When chocolate magnate Edward Cadbury funded the acquisition of some 3,000 Middle Eastern manuscripts in the 1920s, he did so in the hope that it would turn Birmingham into a global focal point for religious research.
Some 90 years later, the Quaker philanthropist’s aspirations have been realised in spectacular fashion in the form of four pages of the Koran in early Arabic script which have sparked fierce debate over whether they could rewrite the founding story of Islam.
Leading Oxford academics this week said carbon dating of the parchment, which suggested it dated from between 568-645 AD, may change our understanding of the way in which Islam’s holy book was compiled.
But the assertion that the document, kept at Birmingham University, is part of one of the world’s oldest Korans – and could possibly date from the early years of the Prophet Mohamed’s life, which is generally thought to have been between 570 to 632 – is strongly disputed by other scholars.

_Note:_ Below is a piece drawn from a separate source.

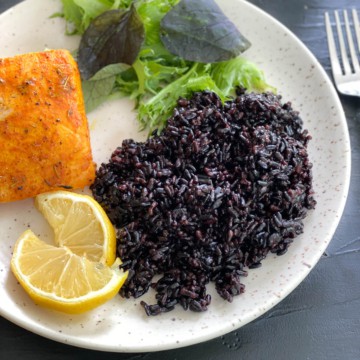A plate with black rice, lemon wedges, and salmon.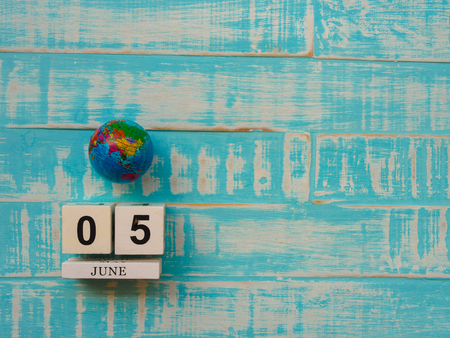 05 JUNE wooden block calendar globe and stethoscope on blue wooden background.の写真素材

It is a tenet of Islam that Mohamed received the divine revelations that form the Koran between 610 and the year of his death. But it has long been maintained that the articles of the Muslim faith were not written into book form until about 650, having hitherto been passed on in the “memories of men” or written piecemeal on materials from palm leaves to the shoulder blades of camels.
But the radiocarbon analysis of the “Birmingham Koran”, documents which were recently rediscovered by a PhD student inside a more recent version of the holy book, opens the possibility that a text of the Koran was in circulation during Mohamed’s lifetime. Some historians argue that the earliest end of the date range also leaves open the theory that the document was in existence during the Prophet’s childhood or even before his birth.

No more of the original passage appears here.